**Entries taken from a collection:**
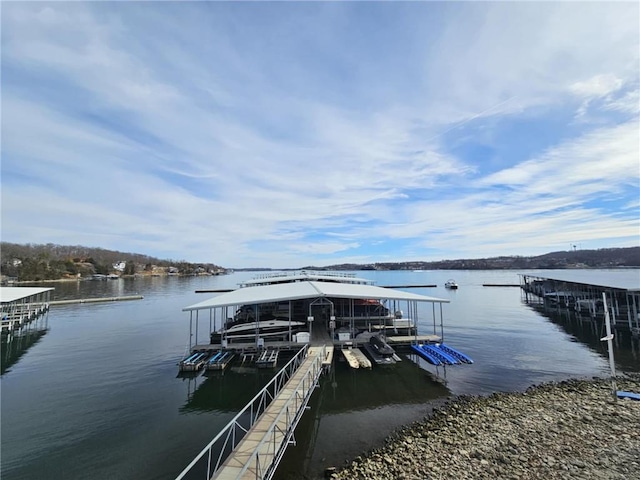 dock area with a water view and boat lift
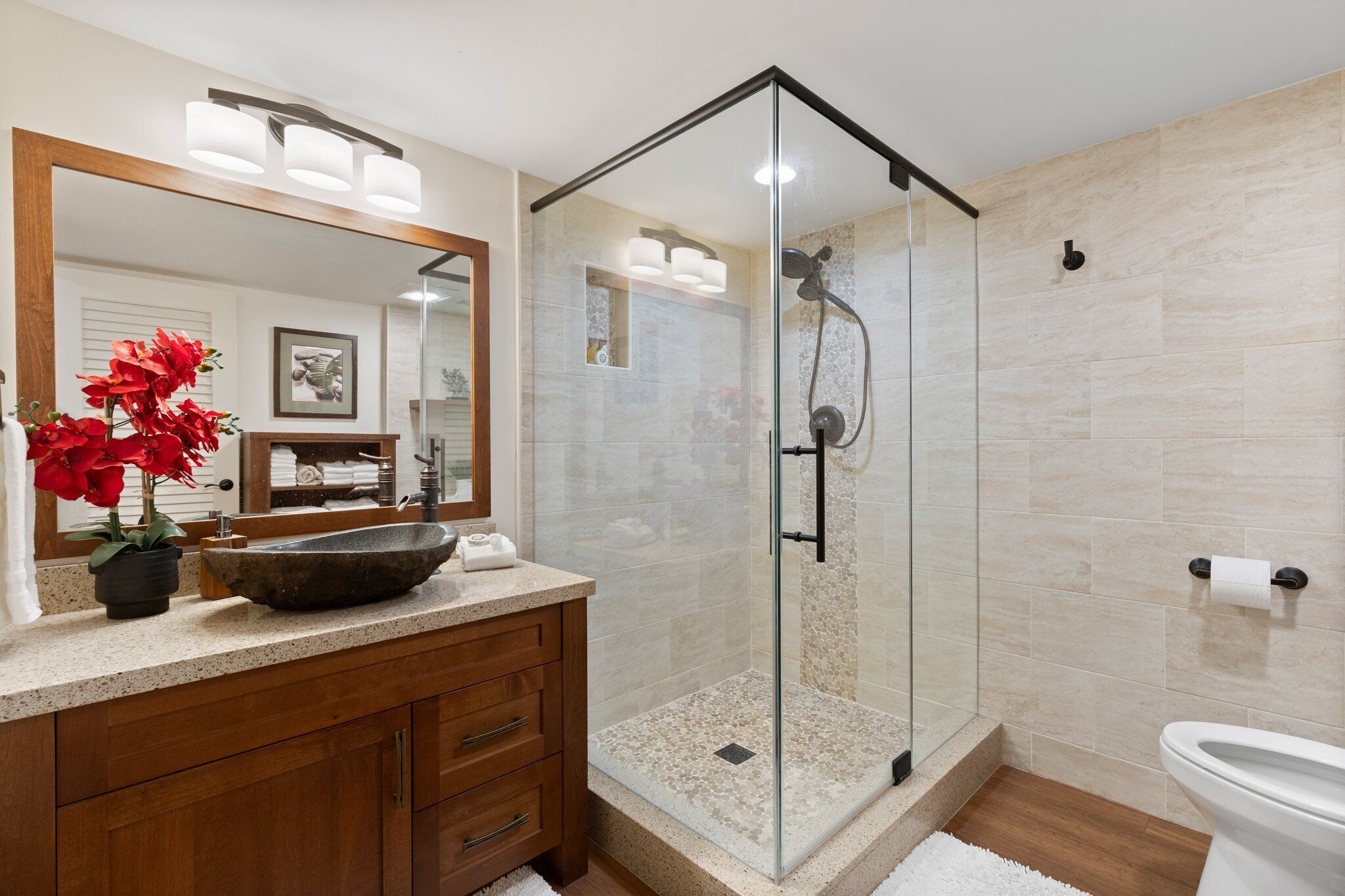 Une salle de bain moderne dotée d’une douche à parois de verre, d’un meuble-lavabo en bois avec un grand lavabo en cuvette et d’un grand miroir au-dessus du meuble-lavabo.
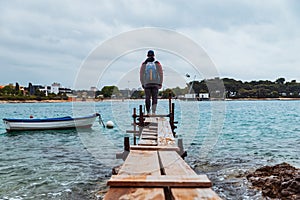 man standing at edge of the small fishing pier looking at stormy sea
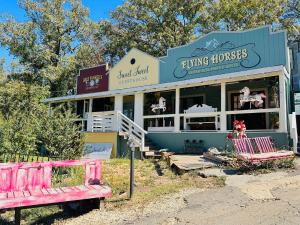 a building with a pink bench in front of it at Acorn Hideaways Canton Sweet Tweet Guesthouse King Bed in Canton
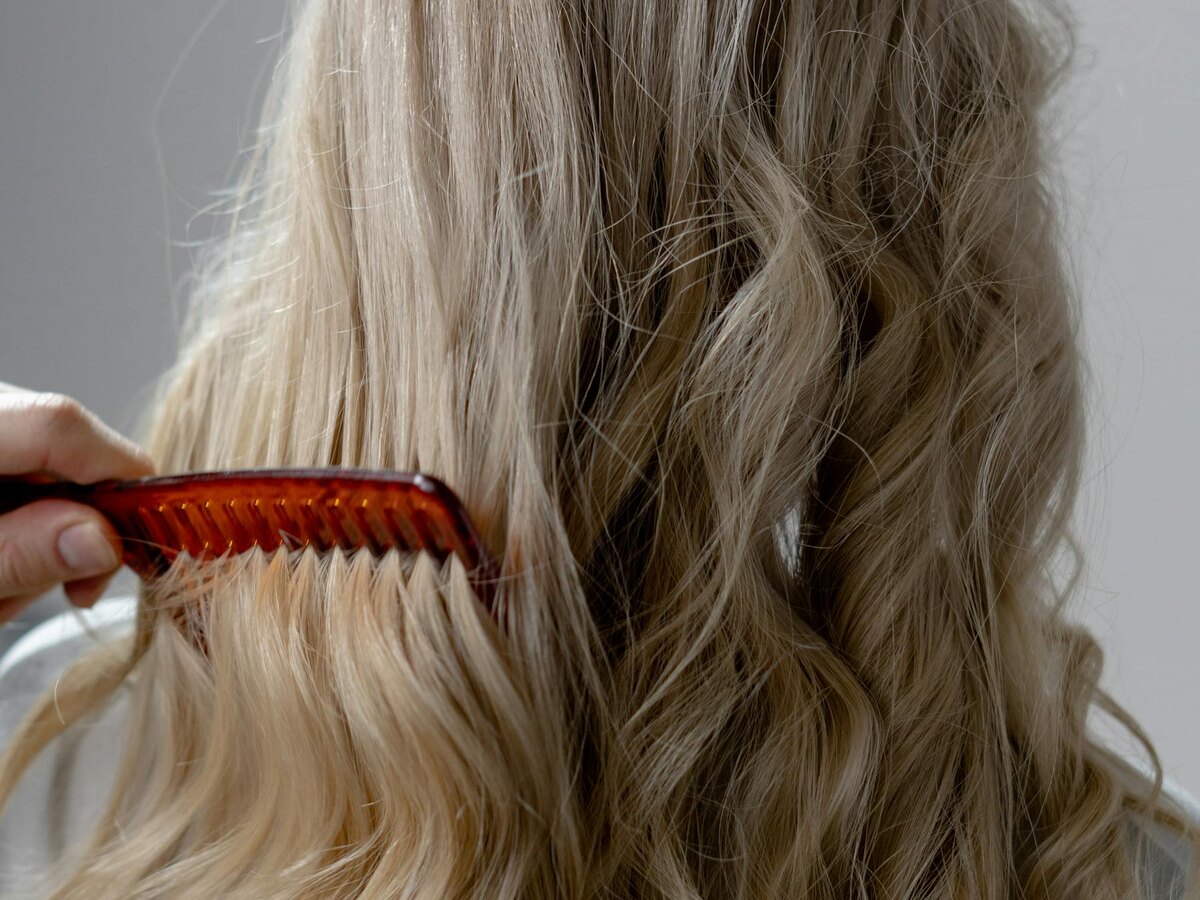 Hand brushing long blonde waves from behind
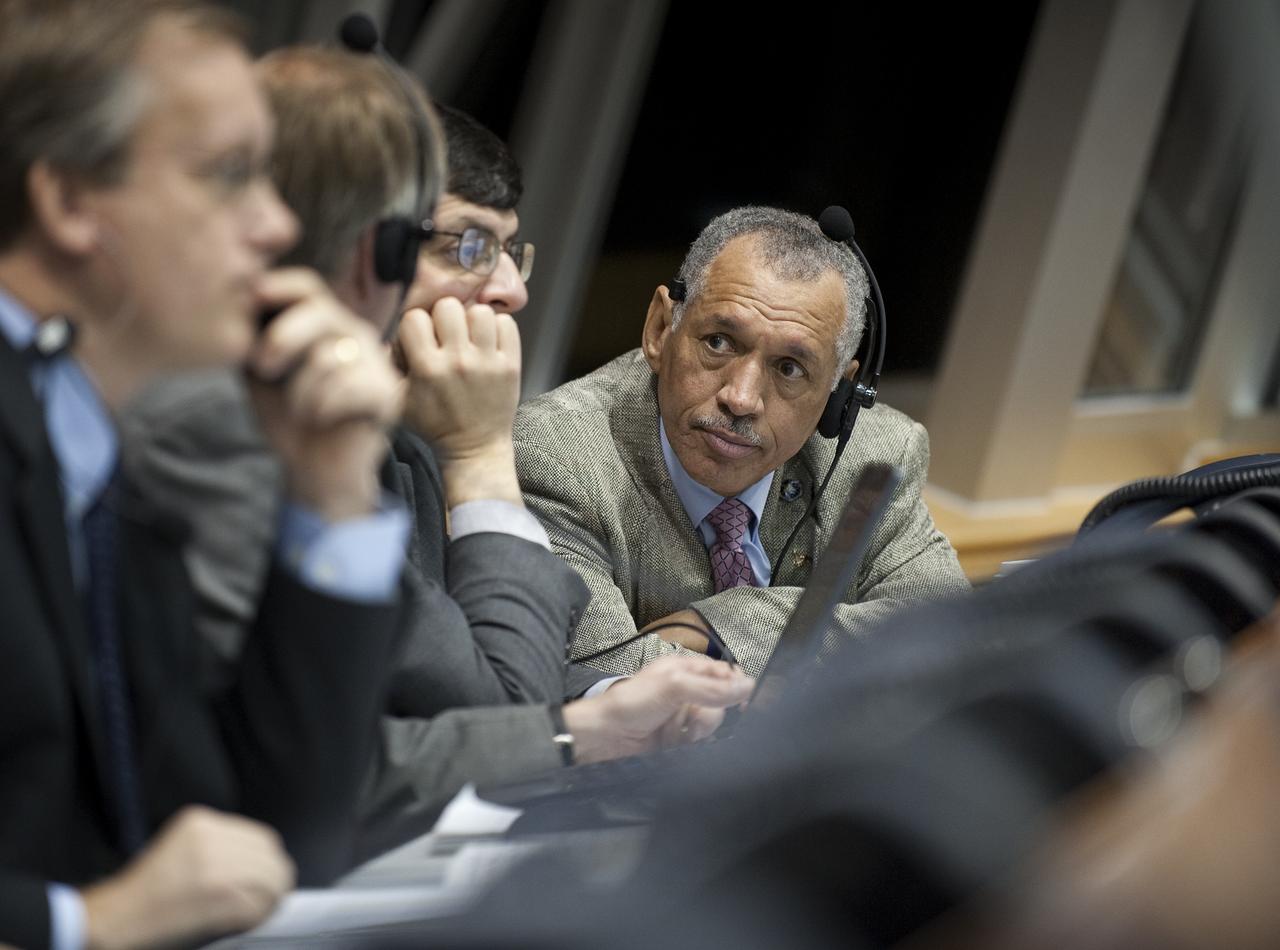 NASA Administrator Charles Bolden talks with other NASA mission managers in Firing Room Four of the Launch Control Center as they monitor the countdown of the launch of the space shuttle Endeavour and the start of the STS-130 mission at NASA Kennedy Space Center in Cape Canaveral, Fla. on Monday Feb. 8, 2010.  Photo Credit: (NASA/Bill Ingalls)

**What you are asked to do:**
Leave the pictures out and reproduce each record exactly as written.

**Your response:**
 dock area with a water view and boat lift
 Une salle de bain moderne dotée d’une douche à parois de verre, d’un meuble-lavabo en bois avec un grand lavabo en cuvette et d’un grand miroir au-dessus du meuble-lavabo.
 man standing at edge of the small fishing pier looking at stormy sea
 a building with a pink bench in front of it at Acorn Hideaways Canton Sweet Tweet Guesthouse King Bed in Canton
 Hand brushing long blonde waves from behind
 NASA Administrator Charles Bolden talks with other NASA mission managers in Firing Room Four of the Launch Control Center as they monitor the countdown of the launch of the space shuttle Endeavour and the start of the STS-130 mission at NASA Kennedy Space Center in Cape Canaveral, Fla. on Monday Feb. 8, 2010.  Photo Credit: (NASA/Bill Ingalls)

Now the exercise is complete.